7. Absence of rights to the Confidential Information.

The disclosure of Confidential Information by one Party to the other Party in connection with the Agreement may not, in any event, be interpreted as granting an express or implicit right of any sort whatsoever to the addressee Party with regard to this Confidential Information, particularly as concerns any intellectual, industrial, or literary or artistic rights belonging to the other Party.

8. Absence of Future Obligations.

No provision of this Agreement may be interpreted as obliging one or the other of the Parties to establish a contractual connection with the other in the future.

9. State Control.

To the extent that the Confidential Information is subject to the laws and regulations concerning export control by the authorities of the issuing Party’s country, the addressee Party undertakes to comply therewith.

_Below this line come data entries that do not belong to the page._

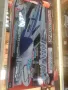 Влакова писта: PowerTrainToys5метра, Силови влакове Високоскоростен влак, снимка 3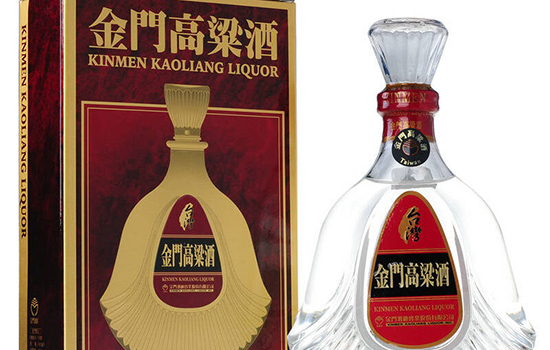 台湾有哪些特产 台湾特产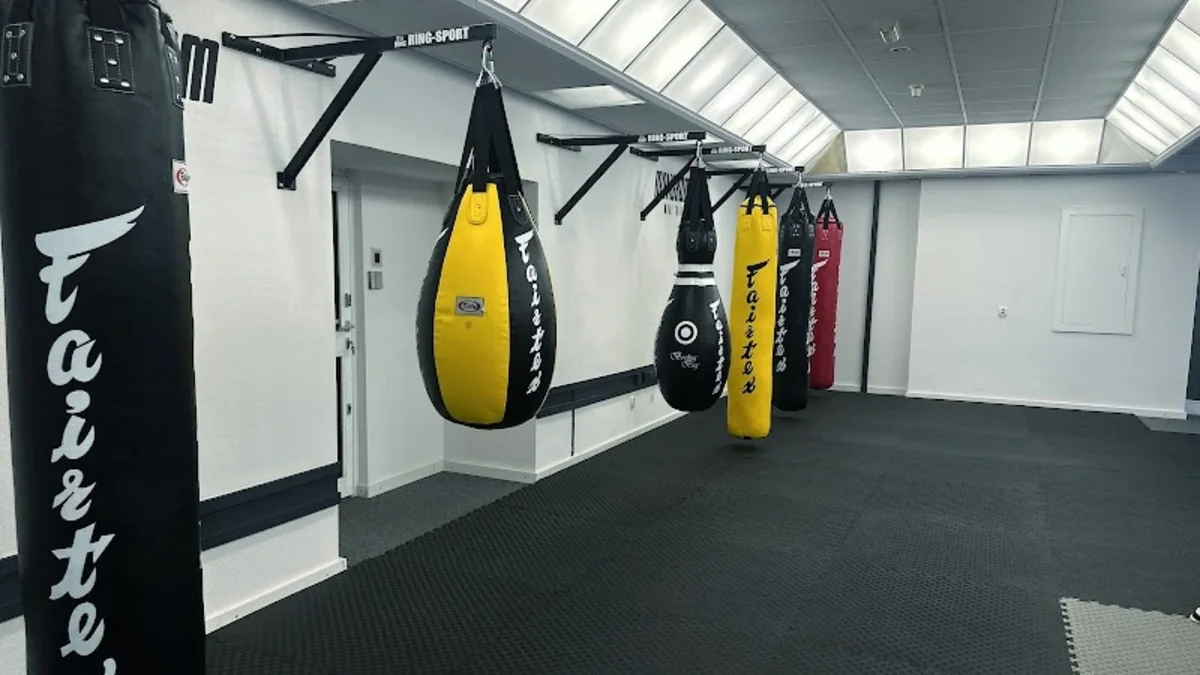 MONGKOM MUAY THAI Klub Sportów Walki Łódź-photo-2.webp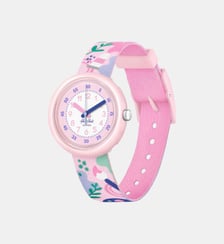 Montre Future dreams Rose FPNP142 Flik Flak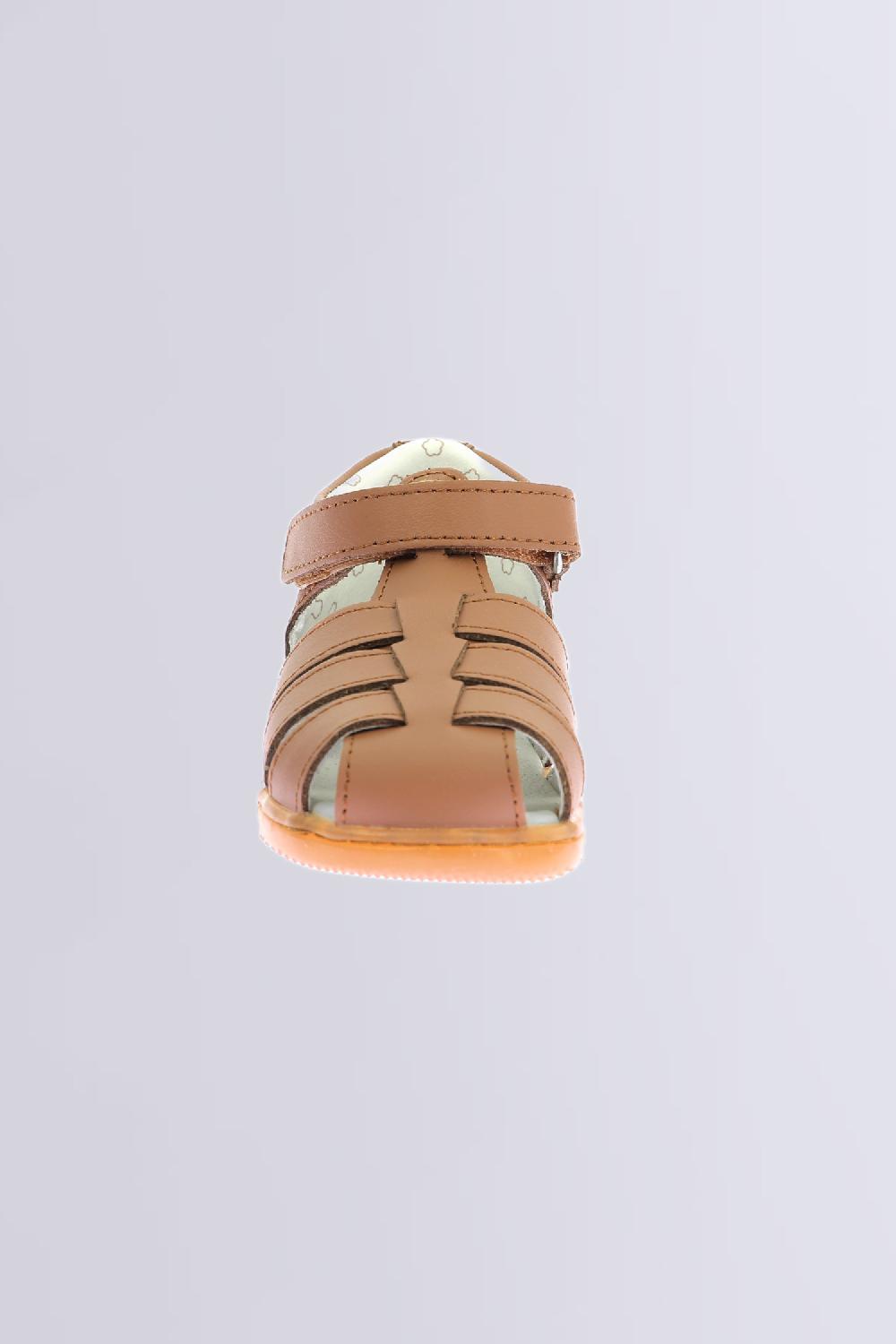 Kickers Kick Flo Camel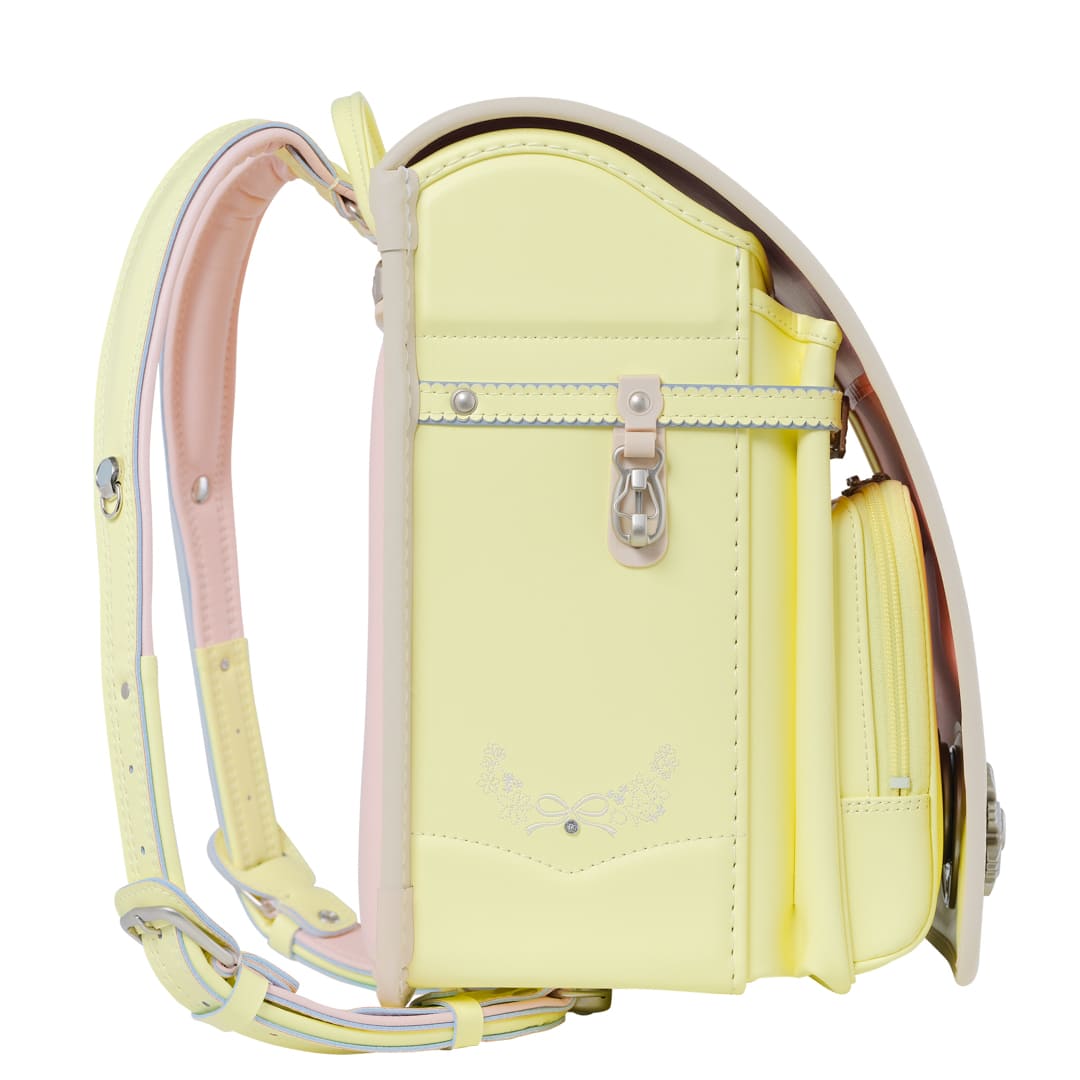 �֤���������� ���󡦥����ܥ꡼ 2027 ����ԥ������󥸥��ɥ��� ����٤����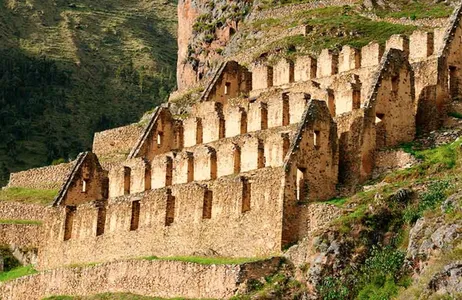 Cusco Tour Passeio por Cusco e Machu Picchu Cultural de 5 dias e 4 Noites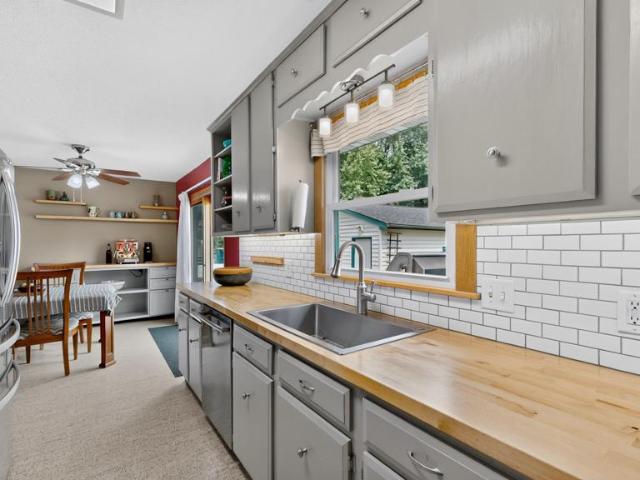 House for sale in Eyota, Minnesota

10. Any Confidential Informationclassified as “Defense Secrets” and disclosed by one of the Parties in connection with this Agreement must be identified as such by the issuing Party as the time of disclosure. The disclosure, protection and use of this Confidential Information must comply with the security procedures required by all of the public authorities concerned.

11. Return of the Confidential Information.

The Party receiving the Confidential Information, regardless of its condition or the medium used, must return this to the issuing Party or destroy this according to the instructions received, without delay and at first request.

12. Entire Agreement. Modifications.

a) All of the provisions of this Agreement constitute the entire agreement between the Parties with regard to its subject and supersede and cancel any prior declarations, negotiations, commitments, oral or written communications, acceptances, understandings and prior agreements between the Parties concerning the provisions to which this Agreement applies or for which it provides.

b) The Agreement may not be assigned or transferred in whole or in part by any means whatsoever by one Party to a third party without the prior written consent of the other Party.

c) The Agreement may only be amended or modified by an amendment signed by the duly authorized representatives of each Party.

13. Applicable Law. Jurisdiction.

In the absence of an amicable settlement between the Parties, any disagreements resulting from this Agreement shall be brought before the appropriate courts of the Court of Appeals of Provence, with French law being applicable.

14. Notifications.

All notifications must be transmitted to the following addresses and persons, which may be modified by advance written notice: Olea Medical S.A., 93 avenue du Sorbier, 13600 La Ciotat, France To the attention of: Mr. Fayçal DJERIDANE Name and address of the Candidate:

15. Entry into Force.

The Agreement shall enter into force as from the date of delivery of the Candidate’s application for the “Olea Innovators” Contest.